Listen to the wrong people. This is the title of die Welt in a commentary by Daniel Wetzel. This refers to Economics Minister Robert Habeck. The comment is a paid or subscription article.

“Perhaps Robert Habeck’s biggest mistake lies on another level. He belongs to a party that has always believed only one kind of advisor, namely those that for years – and in some cases even after the beginning of the war – uttered sentences of this quality: “The renewables are ready.” “Coal and nuclear power only clog the grids.” “We don’t need LNG.”

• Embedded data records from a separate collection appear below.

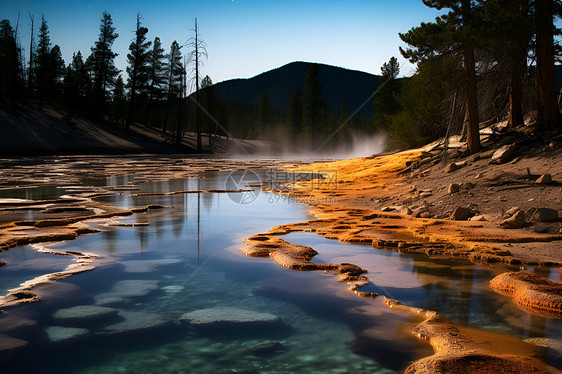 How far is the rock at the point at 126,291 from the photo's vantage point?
4270 millimetres

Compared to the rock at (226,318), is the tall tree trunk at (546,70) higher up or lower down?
higher up

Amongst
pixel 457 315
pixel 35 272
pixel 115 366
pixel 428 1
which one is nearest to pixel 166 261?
pixel 35 272

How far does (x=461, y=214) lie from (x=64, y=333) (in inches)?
297

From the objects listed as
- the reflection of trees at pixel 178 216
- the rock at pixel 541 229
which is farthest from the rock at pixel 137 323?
the rock at pixel 541 229

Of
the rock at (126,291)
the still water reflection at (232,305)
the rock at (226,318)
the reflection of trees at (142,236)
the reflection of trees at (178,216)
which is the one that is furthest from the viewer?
the reflection of trees at (178,216)

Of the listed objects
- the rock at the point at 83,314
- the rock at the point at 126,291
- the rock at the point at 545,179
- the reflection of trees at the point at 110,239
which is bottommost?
the rock at the point at 83,314

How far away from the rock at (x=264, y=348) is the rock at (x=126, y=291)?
5.43ft

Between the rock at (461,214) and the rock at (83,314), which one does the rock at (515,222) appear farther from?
the rock at (83,314)

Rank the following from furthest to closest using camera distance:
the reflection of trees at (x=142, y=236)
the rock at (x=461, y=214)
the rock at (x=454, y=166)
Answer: the rock at (x=454, y=166) → the rock at (x=461, y=214) → the reflection of trees at (x=142, y=236)

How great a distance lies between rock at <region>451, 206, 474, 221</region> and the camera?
345 inches

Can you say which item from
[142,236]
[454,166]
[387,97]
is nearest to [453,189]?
[454,166]

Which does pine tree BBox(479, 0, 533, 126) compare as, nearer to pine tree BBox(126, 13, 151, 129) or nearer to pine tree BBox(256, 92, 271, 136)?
pine tree BBox(126, 13, 151, 129)

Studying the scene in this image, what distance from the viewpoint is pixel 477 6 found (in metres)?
13.8

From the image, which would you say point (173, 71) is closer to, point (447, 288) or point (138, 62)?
point (138, 62) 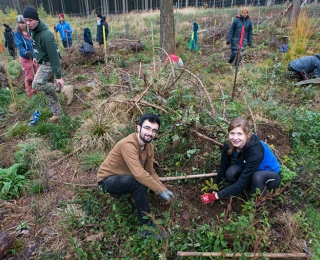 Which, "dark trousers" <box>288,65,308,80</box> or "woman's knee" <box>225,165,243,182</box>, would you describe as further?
"dark trousers" <box>288,65,308,80</box>

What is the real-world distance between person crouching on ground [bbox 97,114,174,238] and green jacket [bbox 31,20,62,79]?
7.25 feet

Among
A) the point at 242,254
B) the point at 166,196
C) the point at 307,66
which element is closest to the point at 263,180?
the point at 242,254

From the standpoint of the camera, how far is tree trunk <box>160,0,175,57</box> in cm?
700

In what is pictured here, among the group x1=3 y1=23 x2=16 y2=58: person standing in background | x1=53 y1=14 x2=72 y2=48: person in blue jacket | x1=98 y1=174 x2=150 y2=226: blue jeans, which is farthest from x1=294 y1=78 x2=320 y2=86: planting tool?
x1=3 y1=23 x2=16 y2=58: person standing in background

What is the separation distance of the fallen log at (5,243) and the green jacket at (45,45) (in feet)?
8.24

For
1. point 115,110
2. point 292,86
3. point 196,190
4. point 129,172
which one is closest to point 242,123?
point 196,190

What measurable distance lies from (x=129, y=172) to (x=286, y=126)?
8.99 ft

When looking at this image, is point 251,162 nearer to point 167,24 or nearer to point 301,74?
point 301,74

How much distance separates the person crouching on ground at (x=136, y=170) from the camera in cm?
238

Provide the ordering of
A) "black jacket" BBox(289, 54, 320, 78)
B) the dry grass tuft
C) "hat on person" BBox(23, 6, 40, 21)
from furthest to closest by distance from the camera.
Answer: the dry grass tuft < "black jacket" BBox(289, 54, 320, 78) < "hat on person" BBox(23, 6, 40, 21)

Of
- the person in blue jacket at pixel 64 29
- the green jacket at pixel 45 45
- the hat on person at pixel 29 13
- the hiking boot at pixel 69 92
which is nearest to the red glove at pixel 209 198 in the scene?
the green jacket at pixel 45 45

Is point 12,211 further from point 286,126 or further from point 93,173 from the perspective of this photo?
point 286,126

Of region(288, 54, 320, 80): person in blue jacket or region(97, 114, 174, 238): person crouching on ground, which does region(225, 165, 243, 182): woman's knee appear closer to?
region(97, 114, 174, 238): person crouching on ground

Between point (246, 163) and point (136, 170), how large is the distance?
115cm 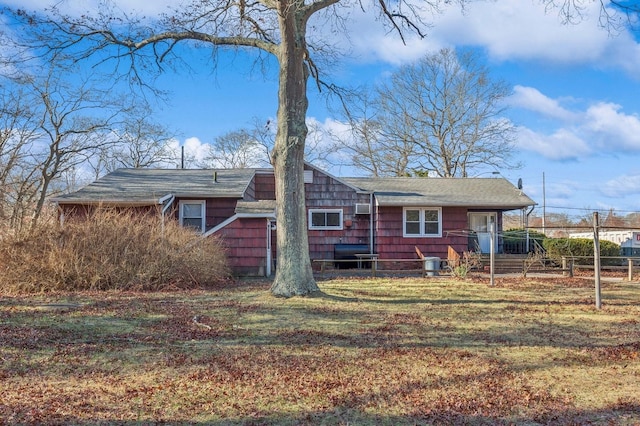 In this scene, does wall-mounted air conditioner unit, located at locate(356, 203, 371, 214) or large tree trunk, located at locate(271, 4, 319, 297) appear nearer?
large tree trunk, located at locate(271, 4, 319, 297)

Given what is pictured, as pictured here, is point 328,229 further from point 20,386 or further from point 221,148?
point 221,148

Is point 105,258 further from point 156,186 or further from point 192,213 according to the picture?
point 156,186

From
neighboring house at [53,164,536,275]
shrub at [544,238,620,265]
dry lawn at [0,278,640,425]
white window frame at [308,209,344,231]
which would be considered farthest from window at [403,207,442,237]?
dry lawn at [0,278,640,425]

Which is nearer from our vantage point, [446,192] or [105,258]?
[105,258]

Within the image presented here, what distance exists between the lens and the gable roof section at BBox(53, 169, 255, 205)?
16812 millimetres

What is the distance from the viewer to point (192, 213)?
18.1 metres

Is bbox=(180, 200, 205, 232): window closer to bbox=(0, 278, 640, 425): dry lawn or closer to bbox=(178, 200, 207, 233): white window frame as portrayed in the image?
bbox=(178, 200, 207, 233): white window frame

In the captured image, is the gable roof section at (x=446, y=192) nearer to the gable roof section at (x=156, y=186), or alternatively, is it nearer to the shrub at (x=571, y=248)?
the shrub at (x=571, y=248)

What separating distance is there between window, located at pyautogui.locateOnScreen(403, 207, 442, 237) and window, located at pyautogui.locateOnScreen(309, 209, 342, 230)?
2.64m

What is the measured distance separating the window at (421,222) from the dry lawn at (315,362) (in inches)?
385

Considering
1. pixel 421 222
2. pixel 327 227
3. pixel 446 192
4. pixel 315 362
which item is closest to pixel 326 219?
pixel 327 227

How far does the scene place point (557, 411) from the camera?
3861 millimetres

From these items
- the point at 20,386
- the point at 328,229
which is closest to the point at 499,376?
the point at 20,386

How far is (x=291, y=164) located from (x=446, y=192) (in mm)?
11818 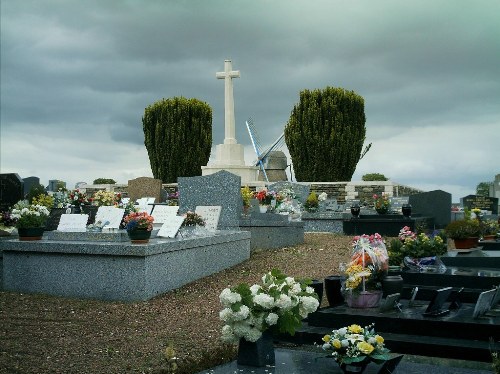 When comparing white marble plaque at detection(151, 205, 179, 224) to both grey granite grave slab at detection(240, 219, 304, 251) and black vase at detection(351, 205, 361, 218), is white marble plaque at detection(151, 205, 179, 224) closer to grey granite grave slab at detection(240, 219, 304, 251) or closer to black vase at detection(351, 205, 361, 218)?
grey granite grave slab at detection(240, 219, 304, 251)

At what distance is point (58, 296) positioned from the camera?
11.2m

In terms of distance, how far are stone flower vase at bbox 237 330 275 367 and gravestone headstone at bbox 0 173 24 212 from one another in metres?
14.2

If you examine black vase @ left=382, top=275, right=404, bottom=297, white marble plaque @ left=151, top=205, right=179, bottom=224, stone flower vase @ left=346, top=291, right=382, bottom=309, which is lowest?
stone flower vase @ left=346, top=291, right=382, bottom=309

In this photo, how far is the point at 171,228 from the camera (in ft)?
40.0

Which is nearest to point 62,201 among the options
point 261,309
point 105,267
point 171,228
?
point 171,228

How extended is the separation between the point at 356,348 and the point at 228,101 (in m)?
29.4

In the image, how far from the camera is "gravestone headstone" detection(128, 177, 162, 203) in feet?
79.9

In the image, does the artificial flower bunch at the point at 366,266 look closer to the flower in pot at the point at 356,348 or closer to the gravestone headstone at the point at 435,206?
the flower in pot at the point at 356,348

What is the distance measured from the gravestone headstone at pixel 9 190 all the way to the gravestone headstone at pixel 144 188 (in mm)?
6103

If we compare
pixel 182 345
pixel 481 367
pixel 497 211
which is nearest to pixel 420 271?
pixel 481 367

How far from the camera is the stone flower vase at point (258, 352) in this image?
6.01 meters

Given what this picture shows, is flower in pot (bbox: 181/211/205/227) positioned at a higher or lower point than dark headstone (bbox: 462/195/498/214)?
lower

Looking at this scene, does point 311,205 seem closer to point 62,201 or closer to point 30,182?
point 62,201

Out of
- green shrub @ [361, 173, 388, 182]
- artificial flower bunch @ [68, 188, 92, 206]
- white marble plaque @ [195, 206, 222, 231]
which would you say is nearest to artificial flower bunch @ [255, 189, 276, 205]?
artificial flower bunch @ [68, 188, 92, 206] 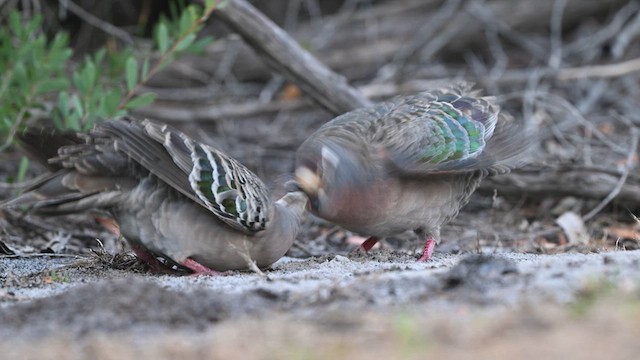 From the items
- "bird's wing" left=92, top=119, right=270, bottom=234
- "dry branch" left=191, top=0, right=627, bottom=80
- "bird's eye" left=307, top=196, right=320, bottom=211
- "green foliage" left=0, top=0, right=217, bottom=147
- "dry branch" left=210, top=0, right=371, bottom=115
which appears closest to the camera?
"bird's wing" left=92, top=119, right=270, bottom=234

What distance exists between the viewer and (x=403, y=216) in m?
5.57

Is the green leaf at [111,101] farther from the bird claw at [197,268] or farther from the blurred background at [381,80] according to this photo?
the bird claw at [197,268]

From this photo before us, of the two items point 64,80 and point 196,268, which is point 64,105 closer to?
point 64,80

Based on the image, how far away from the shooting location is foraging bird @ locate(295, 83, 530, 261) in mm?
5219

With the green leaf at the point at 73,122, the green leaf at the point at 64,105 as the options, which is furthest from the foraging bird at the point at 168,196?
the green leaf at the point at 64,105

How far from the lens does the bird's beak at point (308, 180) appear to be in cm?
520

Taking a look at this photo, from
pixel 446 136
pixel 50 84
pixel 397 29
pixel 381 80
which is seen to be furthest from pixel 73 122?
pixel 397 29

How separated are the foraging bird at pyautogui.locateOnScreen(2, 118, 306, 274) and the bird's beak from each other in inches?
9.2

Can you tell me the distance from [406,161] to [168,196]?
138 centimetres

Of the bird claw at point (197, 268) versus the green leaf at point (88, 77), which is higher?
the green leaf at point (88, 77)

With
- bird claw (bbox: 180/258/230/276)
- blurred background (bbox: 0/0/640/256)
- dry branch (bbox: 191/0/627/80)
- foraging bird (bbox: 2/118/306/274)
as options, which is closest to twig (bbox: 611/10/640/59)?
blurred background (bbox: 0/0/640/256)

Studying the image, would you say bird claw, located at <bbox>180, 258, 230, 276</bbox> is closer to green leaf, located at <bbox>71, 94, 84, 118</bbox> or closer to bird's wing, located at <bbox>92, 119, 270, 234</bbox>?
bird's wing, located at <bbox>92, 119, 270, 234</bbox>

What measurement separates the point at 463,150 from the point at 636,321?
2.83 metres

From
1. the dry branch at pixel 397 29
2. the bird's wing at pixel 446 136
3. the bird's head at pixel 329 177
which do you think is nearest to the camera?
the bird's head at pixel 329 177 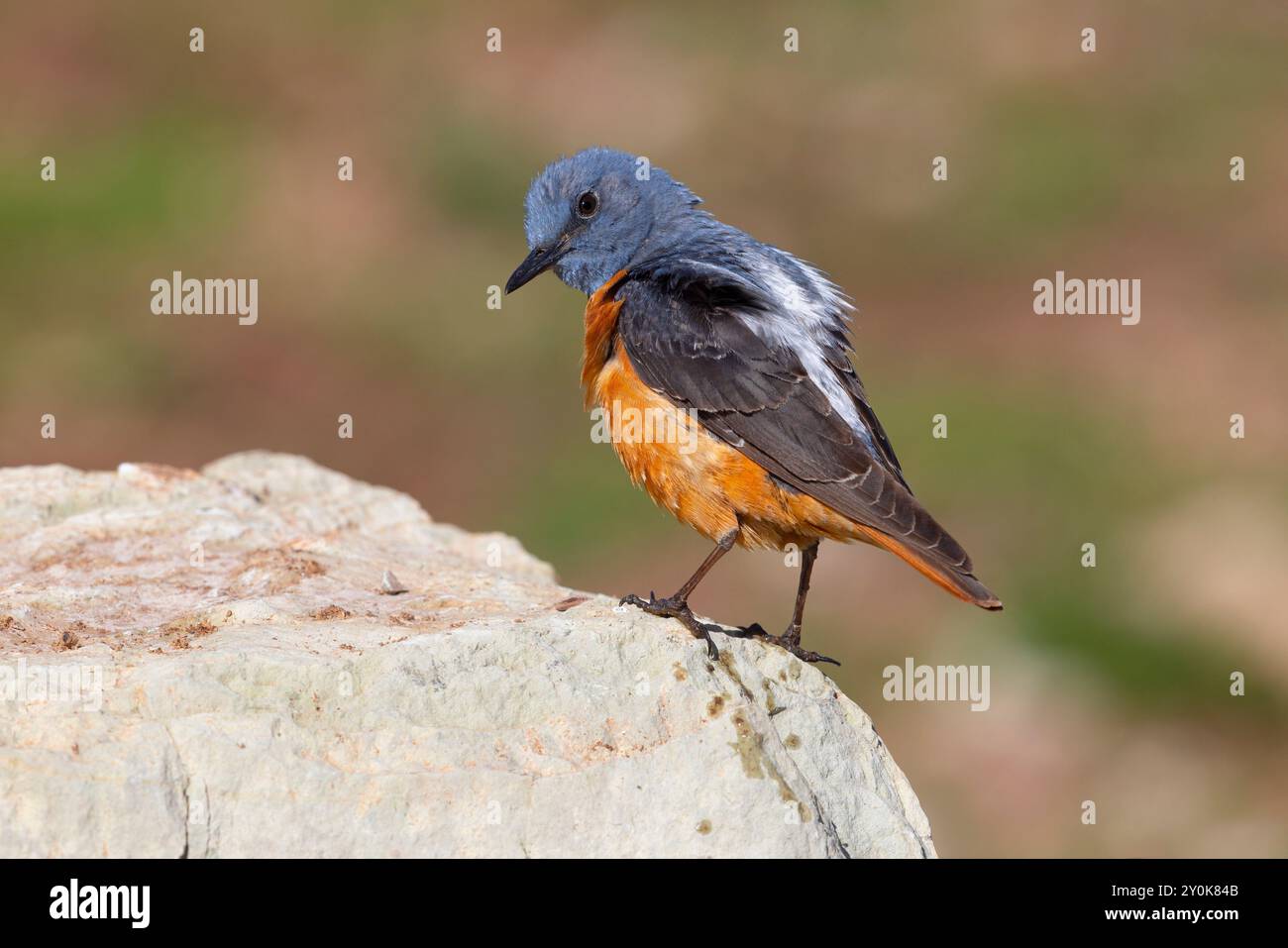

None of this was true. However, it was carried into people’s minds via the NGO scene, which is mainly financed by the European Climate Foundation. Politicians therefore felt that they had to comply with the will of the people and switched off power generators in huge quantities through state market intervention, without having a replacement.”

With the traffic light coalition, the nerves are apparently quite bare. The partners are sometimes kicked under the table, as Konstantin von Notz, vice-president of the Greens’ parliamentary group, proves.

The Chancellor’s poor performance, his lousy poll ratings, memory gaps in ‎‎#Warburg‎‎ and his responsibility in ‎‎#Northstream2‎‎ will not be cured by unloyal behavior and resentment in the Koa. ‎‎ ‎‎ ‎‎#JustSaying‎‎ ‎‎#Klingbeil‎‎ ‎‎#Wiese‎

Translated from German by

‎The Chancellor’s poor performance, lousy poll numbers, memory gaps at ‎‎#Warburg‎‎ and responsibility at ‎‎#Northstream2‎‎ will not be healed by disloyal behavior and resentment in the koa. ‎‎ ‎‎#JustSaying‎‎ ‎‎#Klingbeil‎‎ ‎‎#Wiese‎

The SPD chairman Klingbeil had only asked for an improvement in the gas levy. This comes from a Green Ministry. Now, according to Focus, it turns out that it was co-written to the affected companies.

“From the environment of the gas company Uniper and rating agencies apparently even came the idea for the controversial gas levy, reports BI. Accordingly, it was only created under pressure from the rating agencies, which wanted to downgrade Uniper’s creditworthiness. In hectic and short-term negotiations, even the corporations are said to have co-written the corresponding regulations. This was confirmed by several insiders from government circles to the business magazine. Bosses of two large energy companies are said to have personally worked on the legal details with representatives of Uniper and the officials from the Ministry of Economy and Finance.